Ces quatre hommes, cependant, n'allaient point jouer la poule, car ils passèrent franc devant les rideaux de cotonnade rouge qui masquaient la porte vitrée du café borgne, et continuèrent de suivre la ruelle dans le coude qu'elle faisait sur la gauche.
Tout de suite après le coude, il y avait une porte basse, donnant accès dans une allée plus noire qu'un four. Ce fut dans cette allée que nos quatre compagnons disparurent, en hommes qui connaissent les localités.
Pendant cela, il se faisait joyeux tapage dans la salle basse de L'Épi-Scié, où les habitués étaient nombreux.
La reine Lampion, rouge et rogue, sommeillait à son comptoir, auprès d'un grand verre vide et troublé par l'eau-de-vie sucrée.
Autour du billard à blouses dont le tapis luisant comme une toile cirée avait quelques taches de plus que lors de notre dernière visite, les joueurs étaient en belle humeur.
Cocotte, le radieux gamin de Paris, monté en graine, toujours gagnant, toujours vainqueur et comparable aux ténors les plus célèbres par ses succès auprès des dames, avait fait des blocs superbes; Piquepuce, son ami, plus grave par l'âge, plus distingué par l'éducation, tenait le dé dans un groupe de causeurs où quelques lionnes, favorites de la mode, buvaient en fumant du caporal comme des duchesses.
Ces demoiselles étaient un peu comme leurs cavaliers, parmi lesquels le paletot fraternisait volontiers avec le bourgeron; il y avait parmi elles des élégances prétentieuses et fanées et des toilettes franchement sans gêne; il y avait de la soie et de l'indienne, des chapeaux flambants et des bonnets sales.

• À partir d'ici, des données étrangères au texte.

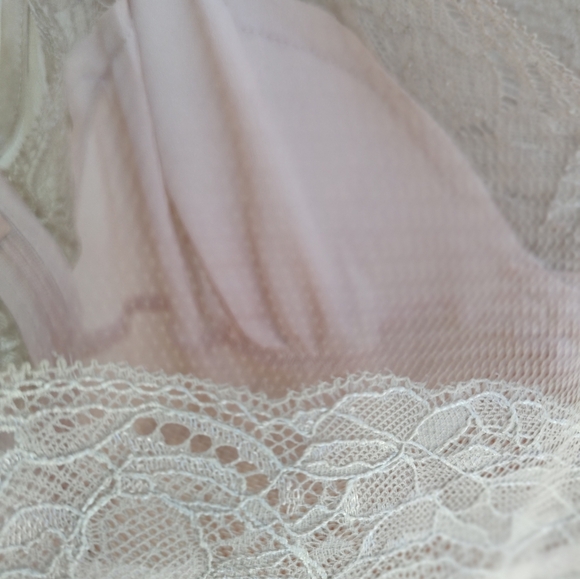 Rodarte 20th Anniversary collection mesh and embroidered satiny dress - Picture 6 of 16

Quelques-unes étaient jeunes et jolies, malgré l'effronterie uniforme qui déparait ici tous les visages; mais la plupart avaient derrière elles tout un long passé de cabrioles, et la série des aventures qui les avaient plongées de chutes en décadences jusqu'à ces ténébreuses profondeurs, était écrite sur leurs fronts en lisibles caractères.
Peut-être y a-t-il dans Paris des caves plus profondes encore, car nous aurions pu reconnaître, dans le groupe présidé par Piquepuce, un brave garçon à la laideur naïve et vaniteuse, coiffant ses cheveux jaunes d'un chapeau gris pelé qui semblait être là en cérémonie, comme un petit bourgeois qu'on introduisait par hasard dans le plus pur salon du faubourg Saint-Germain.
Amédée Similor, entraîné par sa nature frivole et son goût pour les plaisirs, oubliait ainsi ses devoirs de famille. Il avait réussi à se faufiler dans ce grand monde, où il se tenait sur la réserve, choisissant ses paroles avec soin et ne se départant jamais des règles du beau langage.
Les deux rougeaudes de l'établissement Samayoux l'avaient abandonné, sans doute, ou bien il les avait lâchées, car nous le retrouvons lancé dans une nouvelle intrigue d'amour avec une énorme gaillarde qui n'avait qu'un bras et qui portait un emplâtre sur l'œil.
—J'en ai tous les brevets, lui disait-il, depuis ma plus tendre jeunesse: danse des salons, pointe, contre-pointe et caractères, dont M. Piquepuce, par suite de nos relations d'amitié, m'a dit qu'un jeune homme comme moi ne pouvait pas moisir dans la débine, malgré ses talents et ses connaissances, au moyen desquels s'il y a une affaire, je peux m'y distinguer et monter au premier rang pour faire le bonheur de celle qui a su attirer mon regard.
Il scandait ces phrases fleuries avec le respect qu'on met à déclamer de beaux vers.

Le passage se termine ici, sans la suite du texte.